Generate Input

Last updated: 3 minutes read.

Generates messages at a given interval using a Bloblang mapping executed without a context. This allows you to generate messages for testing your pipeline configs.

# Config fields, showing default values
input:
  label: ""
  generate:
    mapping: root = "hello world" # No default (required)
    interval: 1s
    count: 0
    batch_size: 1
    auto_replay_nacks: true

Examples

Cron Scheduled Processing

A common use case for the generate input is to trigger processors on a schedule so that the processors themselves can behave similarly to an input. The following configuration reads rows from a PostgreSQL table every 5 minutes.

input:
  generate:
    interval: '@every 5m'
    mapping: 'root = {}'
  processors:
    - sql_select:
        driver: postgres
        dsn: postgres://foouser:foopass@localhost:5432/testdb?sslmode=disable
        table: foo
        columns: [ "*" ]

Generate 100 Rows

The generate input can be used as a convenient way to generate test data. The following example generates 100 rows of structured data by setting an explicit count.

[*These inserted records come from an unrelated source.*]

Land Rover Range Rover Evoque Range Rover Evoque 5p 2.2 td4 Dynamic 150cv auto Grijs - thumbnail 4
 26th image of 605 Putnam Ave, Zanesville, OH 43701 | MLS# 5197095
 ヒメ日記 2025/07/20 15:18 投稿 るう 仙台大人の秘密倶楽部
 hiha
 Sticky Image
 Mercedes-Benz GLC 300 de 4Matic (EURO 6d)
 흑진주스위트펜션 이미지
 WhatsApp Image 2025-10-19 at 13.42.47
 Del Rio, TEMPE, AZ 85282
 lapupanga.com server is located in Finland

The interval field is set to empty, which means data is generated as fast as the downstream components can consume it.

input:
  generate:
    count: 100
    interval: ""
    mapping: |
      root = if random_int() % 2 == 0 {
        {
          "type": "foo",
          "foo": "is yummy"
        }
      } else {
        {
          "type": "bar",
          "bar": "is gross"
        }
      }      

Fields

mapping

A bloblang mapping to use for generating messages.

Type: string

# Examples

mapping: root = "hello world"

mapping: root = {"test":"message","id":uuid_v4()}

interval

The time interval at which messages should be generated, expressed either as a duration string or as a cron expression. If set to an empty string messages will be generated as fast as downstream services can process them. Cron expressions can specify a timezone by prefixing the expression with TZ=<location name>, where the location name corresponds to a file within the IANA Time Zone database.

Type: string
Default: "1s"

# Examples

interval: 5s

interval: 1m

interval: 1h

interval: '@every 1s'

interval: 0,30 */2 * * * *

interval: TZ=Europe/London 30 3-6,20-23 * * *

count

An optional number of messages to generate, if set above 0 the specified number of messages is generated and then the input will shut down.

Type: int
Default: 0

batch_size

The number of generated messages that should be accumulated into each batch flushed at the specified interval.

Type: int
Default: 1

auto_replay_nacks

Whether messages that are rejected (nacked) at the output level should be automatically replayed indefinitely, eventually resulting in back pressure if the cause of the rejections is persistent. If set to false these messages will instead be deleted. Disabling auto replays can greatly improve memory efficiency of high throughput streams as the original shape of the data can be discarded immediately upon consumption and mutation.

Type: bool
Default: true